This is the conclusion that MIT scientists have reached, after running different simulations of future climatic scenarios in the region.
Published in the journal PLOS One, their study points out that water shortages are not simply the results of climate change and environmental stress.
Other factors should be taken into account, if people are to have the best possible access to the precious natural resource.
"It's not just a climate change issue," co-author Adam Schlosser emphasizes. "We simply cannot ignore that economic and population growth in society can have a very strong influence on our demand for resources and how we manage them. And climate, on top of that, can lead to substantial magnifications to those stresses."
The extent of the damages in Asia could indeed be very important. The scientists find that median amounts of projected growth and climate change in the next 35 years would lead to roughly 1 billion more people becoming "water-stressed," compared to today.
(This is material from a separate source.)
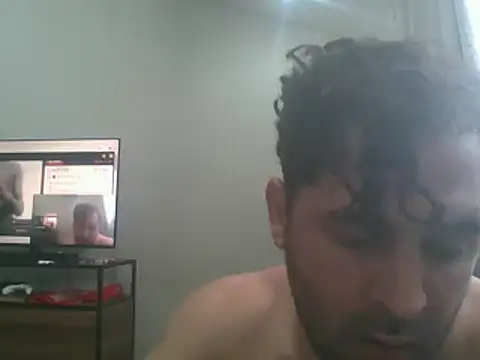 MrPatrick777: онлайн-секс-чат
Different possible scenarios
Soe Zeya Tun/Reuters
To better understand how population growth and economic development interact with climate change, leading to water stress, the scientists used a model previously developed by the MIT, the Integrated Global Systems Model (IGSM).
The IGSM is based on projections of population growth, economic expansion, climate, and carbon emissions due to human activity. Keeping some variables constant, the scientists looked at different possible scenarios for 2050, in different Asian nations, including India and China.
They called one of their proposed scenarios the 'Just Growth' model, because they held climatic conditions constant and only evaluated the effects of economic and population growth. In the 'Just Climate' model, the researchers reversed the experiment, keeping growth constant. Finally, a model called 'Climate and Growth' completed the research, by looking at the impact of all factors taken together.
"This model gave us a unique ability to tease out the human and environmental factors leading to water shortages and to assess their relative significance", Schlosser says. He points out that a combination of all these factors can lead to the most severe water shortages, impacting millions of people.
Particularities between countries
AP Photo/Patrick Reevell
The IGSM model allows researchers to look at how, under the same variables, scenarios change according to countries. This is particularly useful to come up with country-specific strategies, in order to avoid water stress.
"For China, it looks like industrial growth [has the greatest impact] as people get wealthier," lead author Charle Fant explains. "In India, population growth has a huge effect. It varies by region."
Study's authors say other variables should be examined, such as water supply networks into and out of the different areas, and the way population is distributed around said supplies. Further research by the team will also investigate to what extent changing water-use practices can have.
"We are assessing the extent to which climate mitigation and adaptation practices – such as more efficient irrigation technologies – can reduce the future risk of nations under high water stress," Schlosser concludes.